Clark J. Maurice

Clark J. Maurice books and biography


John Maurice Clark

John Maurice Clark (born 30 November 1884 in Northampton, Massachusetts; died 27 June 1963 in West Haven, Connecticut) was an American economist whose work combined the rigor of traditional economic analysis with an "institutionalist" attitude.


Academic career

Clark studied at Amherst College, graduating in 1905, and received his Ph.D. from Columbia University in 1910. He was an Instructor at Colorado College (1908-1910) and at Amherst College (1910-1915). In 1915 he joined the faculty of political economy at the University of Chicago. He accept a professorship at Columbia in 1926, where he remained until he retired in 1957.[1]


Throughout his career Clark was concerned with the dynamics of a market economy, or Competition as a Dynamic Process, the title of his last work. In Studies in the Economics of Overhead Costs, Clark developed his theory of the acceleration principle, that investment demand can fluctuate widely when consumer demand fluctuates; in this he anticipated key Keynesian theories of investment and business cycles.[2] [3] Clark is considered one of the founders of the theory of workable competition,[4] neither pure competition nor pure monopoly, a neglected Marshallian insight.[5]

With his theory of X-efficiency, Harvey Leibenstein demonstrated that the measurability of the market price of products in a monopoly is very difficult to obtain.

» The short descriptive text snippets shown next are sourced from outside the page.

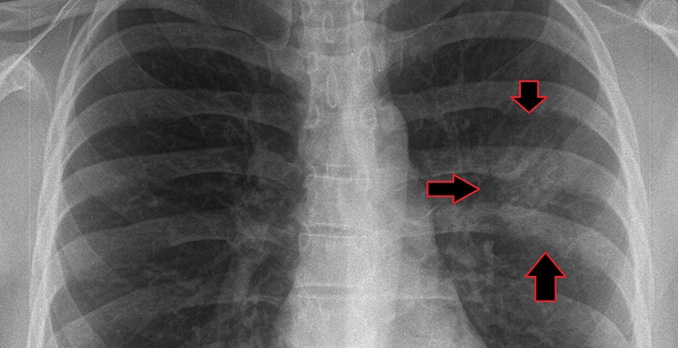 27-year-old man with a cough and fever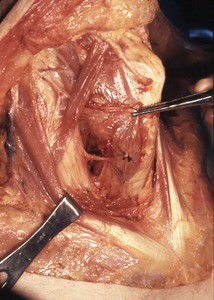 Natural color photograph of dissection of the neck, anterior view, with the sternocleidomastoid muscles retracted laterally to expose the superior belly of the omohyoid muscle and nerves of the anterior neck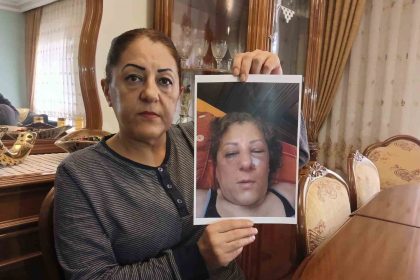 apartman-bahcesinde-besledigi-kediler-nedeniyle-komsulari-tarafindan-darbedilen-kadinin-burnu-kirildi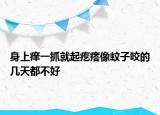 身上癢一抓就起疙瘩像蚊子咬的幾天都不好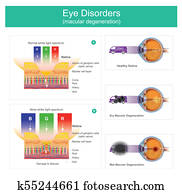 Macular degeneration is a medical condition which may result in blurred or no vision, Early on there are often no symptoms. Over time, however, some people experience a gradual worsening of vision that may affect one or both eyes. Illustration. Macular degeneration is a medical condition which may result in blurred or no vision, Early on there are often no symptoms. Over time, however, some people experience a gradual worsening of vision that may affect one or both eyes. Illustration.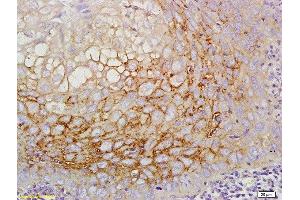 Formalin-fixed and paraffin embedded human laryngeal cancer labeled with Anti-CD44v5 Polyclonal Antibody, Unconjugated  at 1:200 followed by conjugation to the secondary antibody (CD44RC (AA 61-139) anticorps)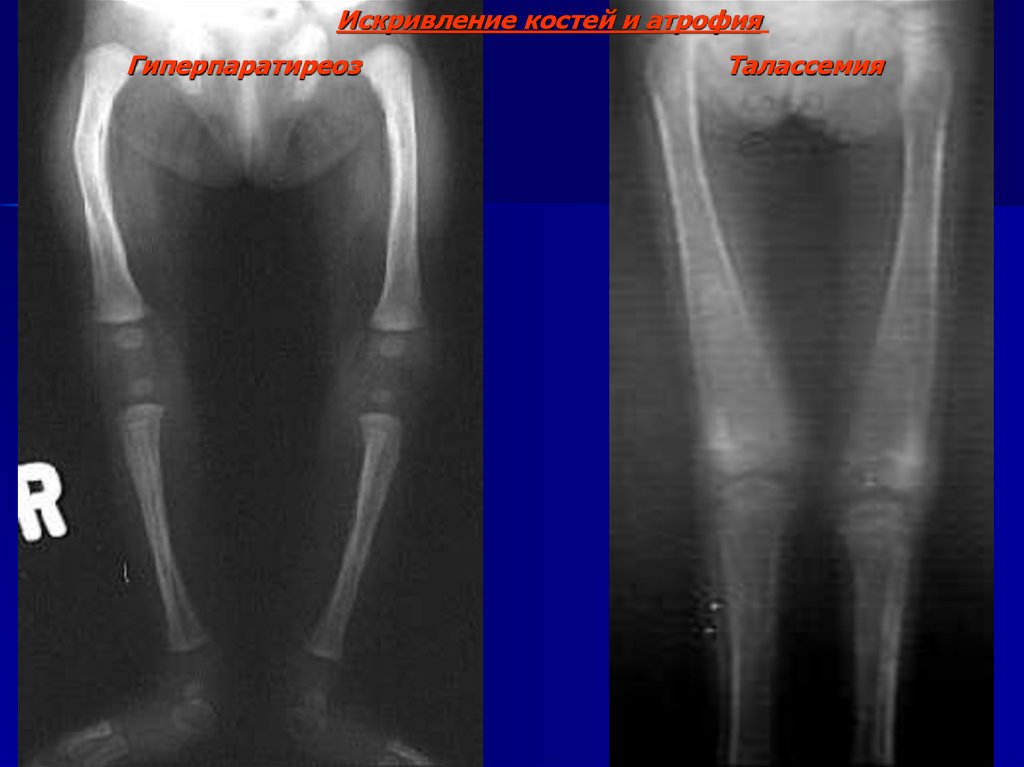 Деформация костей. Гиперпаратиреоз суставы. Гиперпаратиреоз поражение суставов. Гиперпаратиреоз кт костей. Болезнь деформация костей.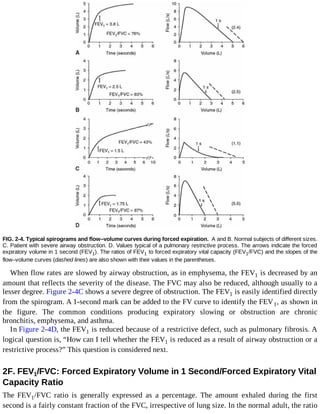 Interpretation Of Pulmonary Function Tests Robert E Hyatt Paul D ...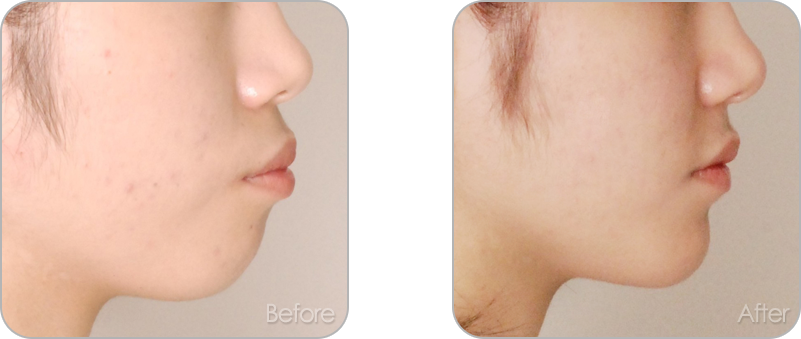 수술없이 진행되는 치아교정 교정 전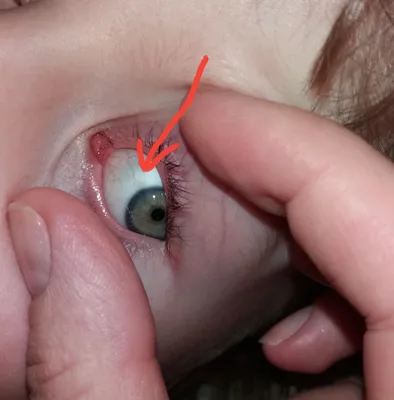 Пятно на белке глаза у ребёнка - Вопрос офтальмологу - 03 Онлайн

John Maurice Clark was the son of John Bates Clark, and shared his view of the importance of ethical and policy issues. Both father and son worked jointly on the revision of John Bates Clark's The Control of Trusts (1914), work continued by John Maurice in Social Control of Business (1926, revised in 1939).[6]

Clark was President of the American Economic Association in 1935, and was awarded the Francis A. Walker Medal in 1952.[7]

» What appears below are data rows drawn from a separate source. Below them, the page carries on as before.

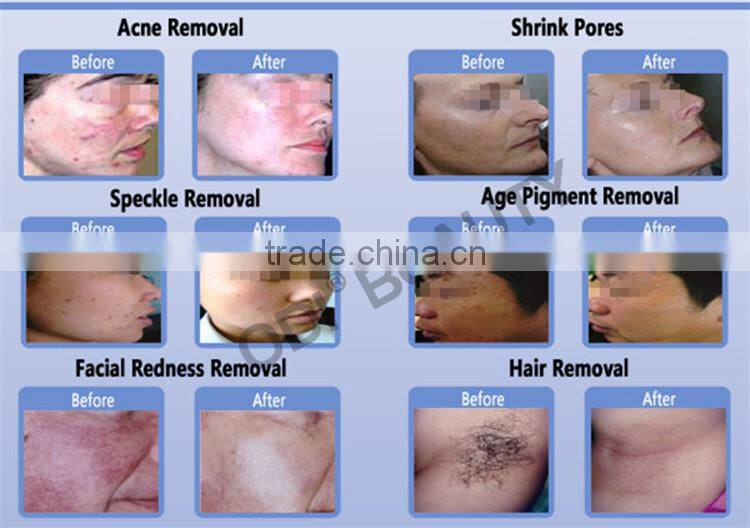 OPT ipl hair removal equipment with 80.000 shots ipl flash lamp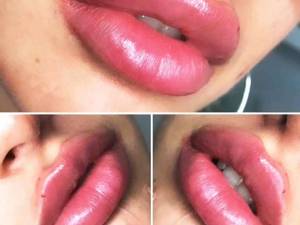 تزریق ژل لب  در رشت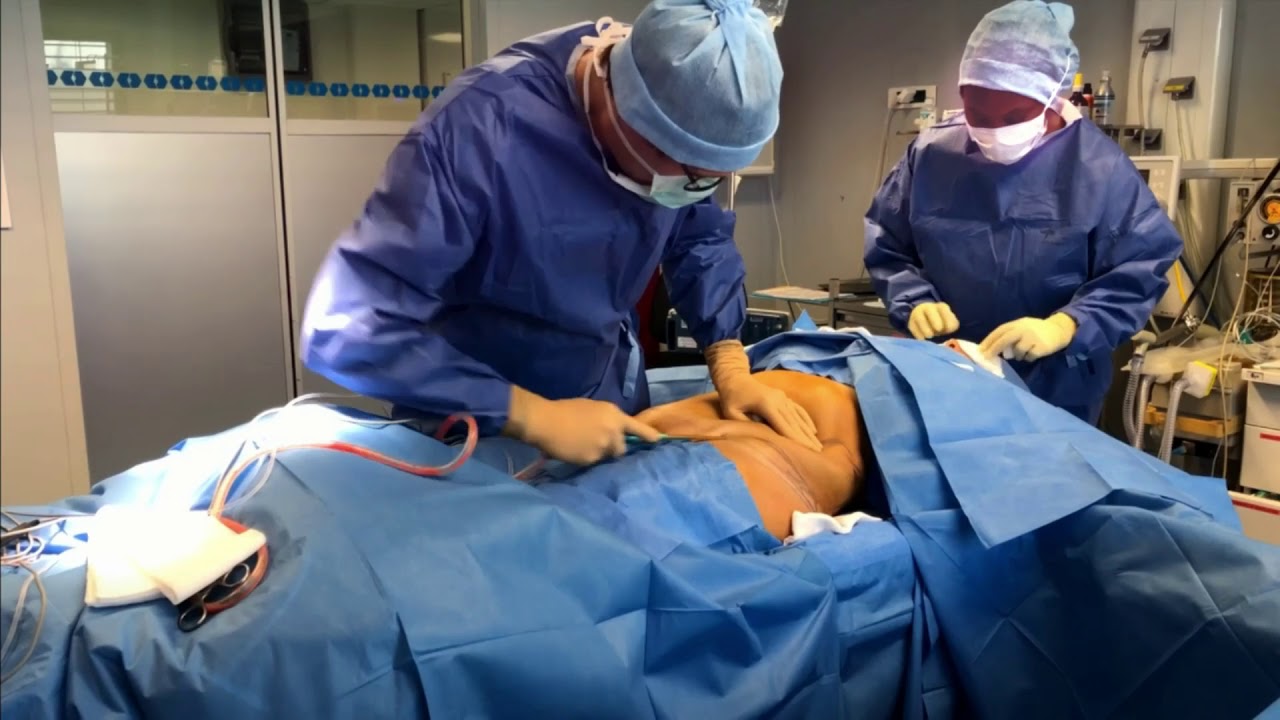 Comment se déroule l'opération de l'abdominoplastie?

  1. ^ "John Maurice Clark",
  2. ^ Luca Fiorito "John Maurice Clark's Contribution to the Genesis of the Multiplier Analysis," University of Siena Dept. of Econ. Working Paper No. 322
  3. ^ The Aftalion-Clark Accelerator, New School
  4. ^ "Toward a Concept of Workable Competitition" American Economic Review (1940)
  5. ^ Joseph A. Schumpeter, History of Economic Analysis, New York, Oxford University Press, p. 975 (1976)
  6. ^ Anne Mayhew, review of John Maurice Clark: A Social Economics for the Twenty-First Century.
  7. ^ "In Memoriam: John Maurice Clark", Political Science Quarterly, Vol. 79, No. 3 (Sep., 1964)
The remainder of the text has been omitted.